Most of us have heard of Freud’s Personality Theory of the ID, the Ego and the Super Ego. If you’re not familiar with the theory, it talks about how we have 3 parts to our personality. We have the part that tells us what we should do, we have the part that tells what we shouldn’t do and then the mediator in between, trying to figure which one is the right decision.
Let’s get a little more in depth so we can understand how the mind works according to this theory, which may give us insight into why we make certain decisions when it comes to our health and fitness goals.
The Id is the instinctual part of our brain that wants nothing, but to survive. This part of the personality wants to be comfortable no matter the consequences. The Id demands satisfaction immediately. This is present from birth and explains why babies will cry and cry until they get what they want.
Then we have the Ego. The ego as most of us understand it, is all about us. Egoism. Forget about that for a moment. Ego as it relates to Freud’s theory is about the dealing with reality. Where the Id wants what it wants, NOW , the Ego works to delay that instant gratification and find a way to meet its needs by a mean that is socially acceptable.
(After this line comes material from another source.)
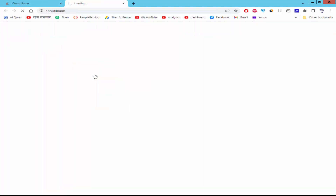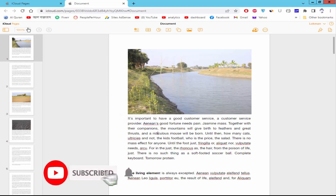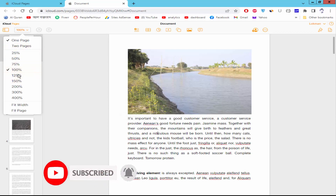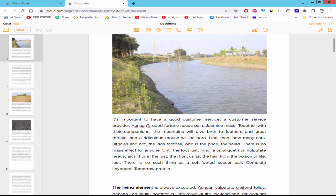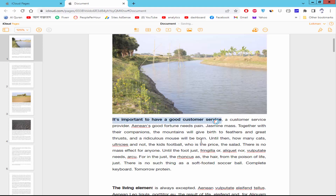Open the document. Select the document text and press Ctrl-B from the keyboard for bold, and press Ctrl-I for italic. Press Ctrl-U for underline.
Lastly, we have the Superego. This is our sense of right and wrong that we acquired from our parents and society. This is the perfectionist in us.
In a nutshell, the Id and the Superego are at two ends of the pendulum. The former is the devil on one shoulder and the latter, is the angel on the other. The ego is the one that is trying to find the happy medium.
How does this effect my health and fitness goals?
If you’re anything like me, you have had those stretches of time where we are gung-ho about our health fitness goals. We set a schedule to workout 6 days a week, set up a menu and plan to restrict all the “bad” foods, write down our goals and post them for all to see. Then about 2 or 3 months in, the wheels come off with a pizza night and the spiral begins. We feel bad because we weren’t perfect and before you know it, we have had 3 days of eating like crap and gained the 5 lbs.
5 lbs..... that nobody else notices but us.
This is the perfectionist, Superego, that has these ideals and standards that are not realistic for a normal person. Then we get that taste of pizza and the Id says, “this is the best thing ever. I want MORE”. Meanwhile the ego is in there somewhere trying to rationalize it all by saying “I was doing so well for 2 months; I’m allowed to have a little pizza”.
These aspects of our personality are dynamic and always jostling for position of power. It is the balance between the 3 that provides lower levels of anxiety, less drastic swings from being self-righteous and self-flagellation to impulsive and instinct driven. This strong ego that mediates the two extremes comes from a level of self-acceptance that many of us can’t comprehend or know how to practice.
The answer is not in tracking every morsel of food we eat and the quantity of our training sessions, nor is it in throwing all caution to the wind by eating whatever we want whenever we want. The answer is in between and that is different for each of us. The answer is in the balance between accepting ourselves as we are and still working towards our fitness goals. Awareness of where you are at is good.